Today, I attended the "
Fair Deal for Liverpool" march. As
I predicted yesterday, it was nothing more than a photo-opportunity for Liverpool City Council, the leaders of each party trying to justify the cuts whilst claiming to oppose them. Unfortunately, despite the efforts of myself and others, they got away with it.
The march itself might as well have been a funeral procession. Despite up to 5,000 people taking part, it was gripped by silence, and attempts by some to get chanting going quickly died a death. The
Liverpool Socialist Singers were at the back of the march, but even by the middle you couldn't hear them singing. At the front, Labour, the Liberal Democrats, and the leaders of the council were able to bask in their own smugness.
If there was going to be an attempt to reclaim the march and opposition to the cuts from these career politicians, now would have been it. But the banner saying "No to City Council cuts" was in the hands of
Tony Mulhearn and the Socialist Party. They refused to move until even the tail end of the march was quite far ahead, and retain ideological purity a whole five people strong. For the former
Militant Tendancy, this was less militancy and more of a strop.
Personally, I would have been in favour of muscling into the front of the march. If an event like this ever happens again, it will be worth noting that a large enough number of people could have flanked the Lib-Lab contingent at the front and shut them down, also allowing people to give out literature and talk to people, arguing for a different approach.

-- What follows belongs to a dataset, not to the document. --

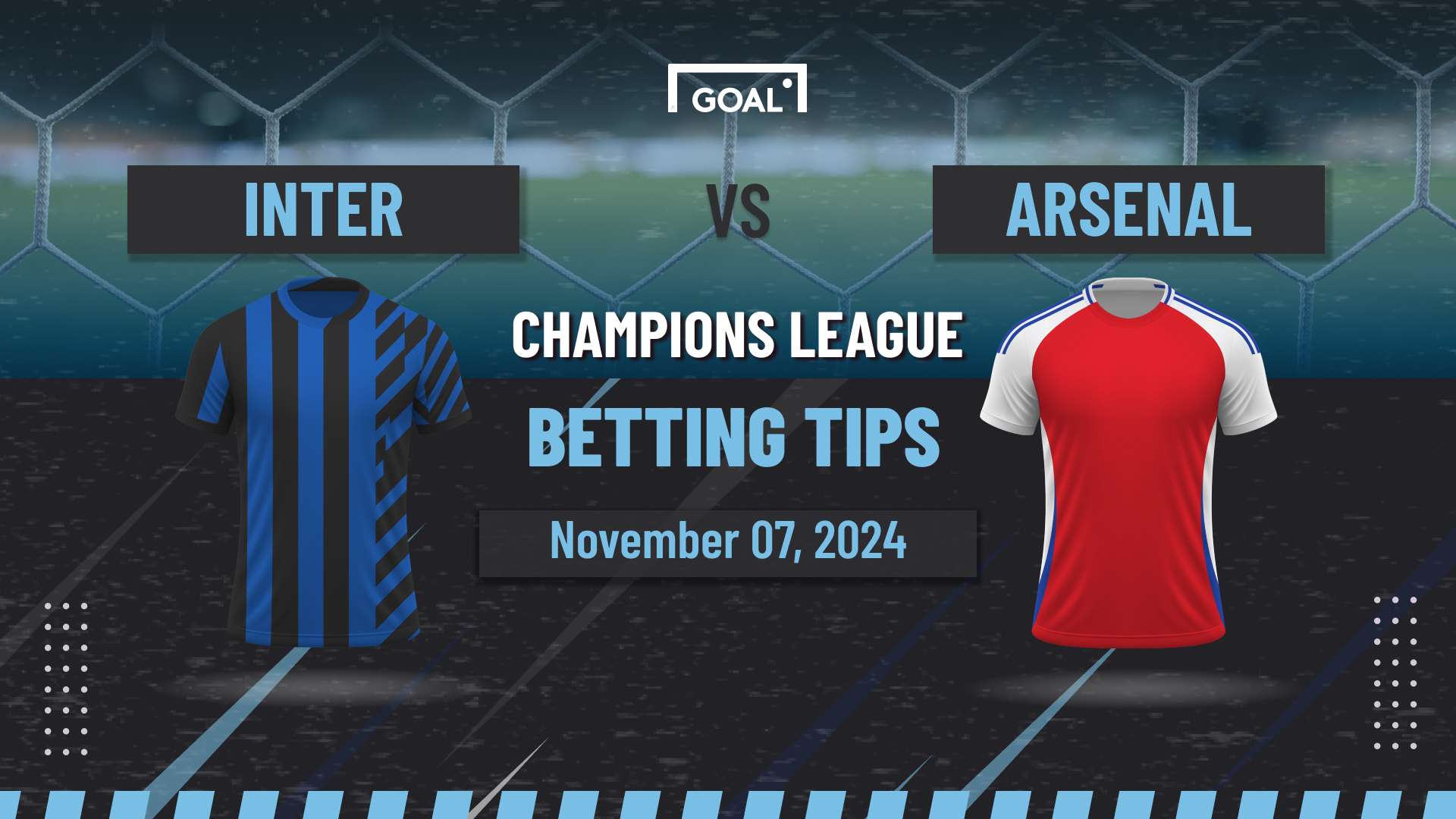 Inter Milan vs Arsenal Predictions: Draw, Buakyo Saka to score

Unfortunately, due to a number of factors, those numbers didn't exist. Thus, we were reduced to a funeral posession that snaked almost silently through the City Centre to St George's Plateau.

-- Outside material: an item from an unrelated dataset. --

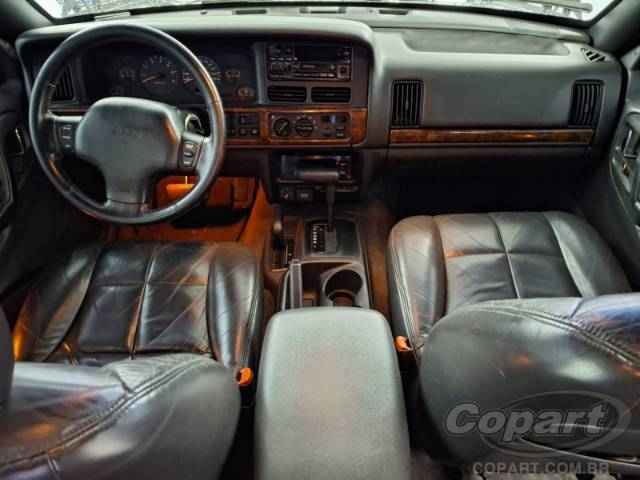 1997 JEEP GRAND CHEROKEE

At the rally, the Lord Mayor of Liverpool took the role of compere. Which, I suppose, really puts all those middle class trade union bureaucrats who refer to everyone as "colleagues" into some perspective. She told us how great it was to see people pull together as a city and other similar cockwaffle before introducing each speaker in turn.

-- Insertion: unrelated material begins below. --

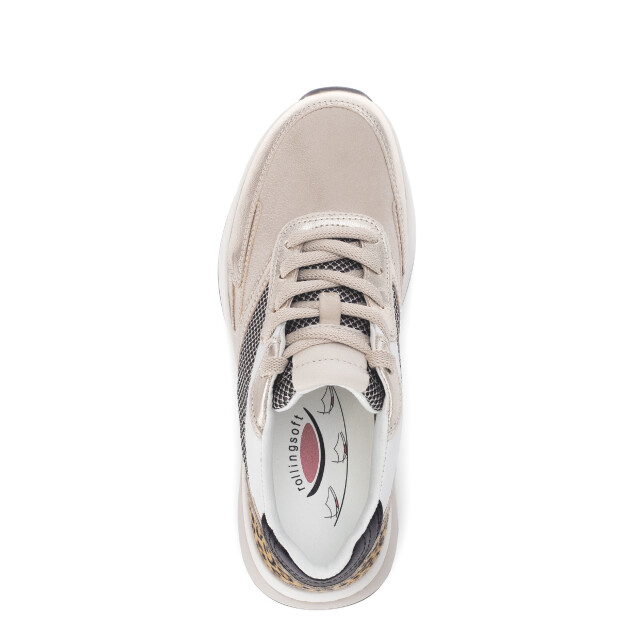 Gabor 66.846.89 Sneakers Beige 66.846.89 large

Joe Anderson was first up, his speech getting louder and more aggressive as people heckled and booed him. In response to my yelling that he was the one making the cuts, and that he was the enemy locally, he returned to his tried and tested "my hands are tied" rhetoric. He also branded me and others "the loony left," before moving on to claim that when he presented his budget to Cameron (with all the job losses and service cuts it entails), he would be "telling them straight" how "unfair" this all was.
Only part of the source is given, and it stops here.